■ Source records
====
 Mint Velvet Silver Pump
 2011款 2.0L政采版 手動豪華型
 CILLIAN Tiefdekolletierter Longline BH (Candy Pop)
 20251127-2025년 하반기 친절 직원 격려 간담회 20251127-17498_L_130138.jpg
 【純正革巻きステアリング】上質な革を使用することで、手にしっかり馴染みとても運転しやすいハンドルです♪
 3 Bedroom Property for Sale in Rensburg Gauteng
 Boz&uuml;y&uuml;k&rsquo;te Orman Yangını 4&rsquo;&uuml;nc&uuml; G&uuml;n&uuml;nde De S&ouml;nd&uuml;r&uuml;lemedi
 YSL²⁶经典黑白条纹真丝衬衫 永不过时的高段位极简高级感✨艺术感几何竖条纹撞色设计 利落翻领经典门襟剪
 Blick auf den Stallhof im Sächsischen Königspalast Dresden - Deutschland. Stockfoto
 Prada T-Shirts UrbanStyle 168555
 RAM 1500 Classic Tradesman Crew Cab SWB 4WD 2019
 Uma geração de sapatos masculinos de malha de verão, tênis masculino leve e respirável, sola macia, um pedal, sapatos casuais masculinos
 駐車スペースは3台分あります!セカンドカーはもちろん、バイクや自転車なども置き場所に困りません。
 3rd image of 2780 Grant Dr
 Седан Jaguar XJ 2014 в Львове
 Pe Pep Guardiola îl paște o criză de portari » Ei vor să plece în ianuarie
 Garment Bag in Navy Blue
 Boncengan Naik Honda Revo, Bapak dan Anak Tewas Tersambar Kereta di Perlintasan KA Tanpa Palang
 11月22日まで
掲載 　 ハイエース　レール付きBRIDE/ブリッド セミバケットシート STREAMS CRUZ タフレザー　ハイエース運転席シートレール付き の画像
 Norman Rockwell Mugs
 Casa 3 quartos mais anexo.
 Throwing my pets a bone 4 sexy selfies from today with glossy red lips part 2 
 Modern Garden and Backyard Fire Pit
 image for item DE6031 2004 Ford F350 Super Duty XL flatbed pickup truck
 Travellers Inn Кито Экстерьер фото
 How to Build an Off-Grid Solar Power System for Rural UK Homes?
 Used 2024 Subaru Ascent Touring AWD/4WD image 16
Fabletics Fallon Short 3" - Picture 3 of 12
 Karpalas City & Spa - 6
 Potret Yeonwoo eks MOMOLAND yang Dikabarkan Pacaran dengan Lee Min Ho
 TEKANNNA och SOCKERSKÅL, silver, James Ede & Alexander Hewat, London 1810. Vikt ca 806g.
====
■ What the task requires
From the very first line of the data through the line with "Uma geração de" in it, please reproduce each line exactly and output nothing more.

■ Result of this exercise
 Mint Velvet Silver Pump
 2011款 2.0L政采版 手動豪華型
 CILLIAN Tiefdekolletierter Longline BH (Candy Pop)
 20251127-2025년 하반기 친절 직원 격려 간담회 20251127-17498_L_130138.jpg
 【純正革巻きステアリング】上質な革を使用することで、手にしっかり馴染みとても運転しやすいハンドルです♪
 3 Bedroom Property for Sale in Rensburg Gauteng
 Boz&uuml;y&uuml;k&rsquo;te Orman Yangını 4&rsquo;&uuml;nc&uuml; G&uuml;n&uuml;nde De S&ouml;nd&uuml;r&uuml;lemedi
 YSL²⁶经典黑白条纹真丝衬衫 永不过时的高段位极简高级感✨艺术感几何竖条纹撞色设计 利落翻领经典门襟剪
 Blick auf den Stallhof im Sächsischen Königspalast Dresden - Deutschland. Stockfoto
 Prada T-Shirts UrbanStyle 168555
 RAM 1500 Classic Tradesman Crew Cab SWB 4WD 2019
 Uma geração de sapatos masculinos de malha de verão, tênis masculino leve e respirável, sola macia, um pedal, sapatos casuais masculinos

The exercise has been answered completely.